Ok, rozumiem Twoje podejście, tylko napisz że to jest ustawienie typu "własne widzimisię" a nie referencyjne ustawienie kina domowego.
Jakich scen?Wielu wchodzi na forum żeby się zapytac o prawidłowe ustawienie i kalibrację sprzętu, więc piszemy jak to powinno wyglądać. Co to by były za porady i pomoc gdybym napisal " Ustaw sobie pod swoje ucho, tak jak Ci będzie wygodnie. Jeżeli w filmie coś będzie ciszej, to sobie podgłośnij jedną z kolumn i odwrotnie" Zupelnie bez sensu i nie pomocne, bo patrząc w ten sposób nie trzeba się pojawiać na forum i o cokolwiek pytać, bo nawet dziecko sobie potrafi tak ustawić żeby go satysfakcjonowalo. Zresztą, róbcie Panowie jak tam Wam pasuje. Ja wyraziłem tylko swoje zdanie w temacie.
Czyli tak ma być? W sumie tak to pod każdy film musieli byśmy robić korekty i ustawienia i zanim byśmy go oglądnęli to już Żony obok by mam zasnęłyLektor też pozostawia wiele do życzenia. Ile razy mialem tak, że na jednym filmie bardziej slysząlem efekty w prawym surround, a na innym filmie już glośniejsza byla lewa kolumna, co nie oznacza że zaraz powienienem ściszać jedną a podbijać druga.
Czyli tak ma być? W sumie tak to pod każdy film musieli byśmy robić korekty i ustawienia i zanim byśmy go oglądnęli to już Żony obok by mam zasnęły![]()
Są jedne uniwersalne, referencyjne ustawienia i w kinie nic nie zmianiamy?
W systemach kina chodzi o wyrównanie poziomu glośności kolumn względem słuchacza, musi być zachowana spojność brzmienia a co za tym idzie efekt surround. Jak sobie ręcznie wyciszysz jedną z kolumn, to jaki będzie efekt przechodzenia dźwięku między kolumnami?

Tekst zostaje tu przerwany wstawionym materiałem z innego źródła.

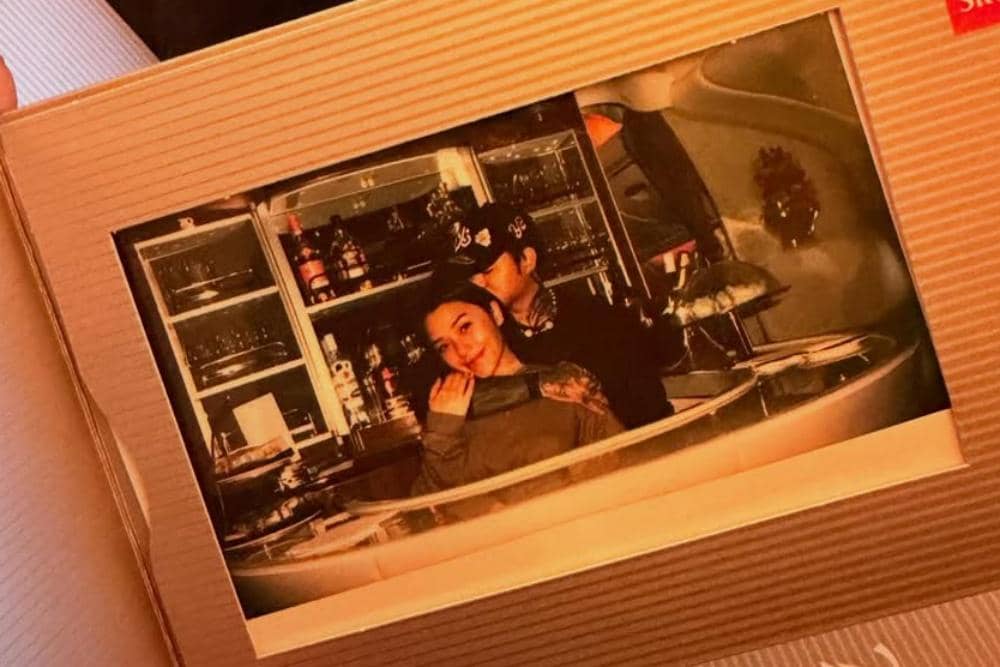 Reza Arap dan Lula Lahfah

Czy przed przystąpieniem do kalibracji ustawiacie jakoś konkretnie poziom głośności?
Racja Wiesiek19. Tylko tu chodzi o to, że jak zmienimy jedno ustawienie to tak na prawdę zchrzanimy resztę, bo te wszystkie opóźnienia i cały efekt surround nie będą już takie jak mają być.
Tak to kumam![]()
Krzysztof. Z całym szacunkiem, ale w tej dyskusji nikt nawet nie wspomniał o zmianie odległości od kolumn.
Mówimy o jednorazowej korekcji głośności wybranych kolumn bo właśnie nasze uszy słyszą inaczej niż mikrofon kalibracyjny. Czy jak jestem przygłuchy na prawe ucho tzn, że mam nie podnieść głośności kolumn z prawej strony bo tego nie chce nasz ampli ? No chyba przyznasz, że to bzdura. Dla nas efekty surrond i przechodzenie dźwięku będzie takie jak je słyszymy, a nie jak mówi ampli, że mamy je słyszeć.
My rozmawiamy o dwoch innych rzeczach. Ja o referencyjnych ustawieniach, a Ty w własnych ( preferencyjnych). Jasne, że sobie możesz przestawić , bo nikt tego nie zabroni, tylko jak przyjdzie do Ciebie kolega co będzie mial dobry słuch to już dla Niego nie będą to poprawne ustawienia. To jak ktoś będzie mial garba, to mu ma producent wstawić do auta fotel z wgłębieniem w oparciu? Dla niego to tez będzie caly czas poprawna pozycja za kierownicą, co nie oznacza że to prawidlowe wyprofilowanie fotela kierowcy.
"Koszt profesjonalnego pomiaru to kwota 1500 zł netto (w listopadzie 2012, koszt może ulec zmianie)". :fool:Można też iść na całość i Kalibracja kina domowego Audyssey MultEQ PRO w FUSIC Wrocław.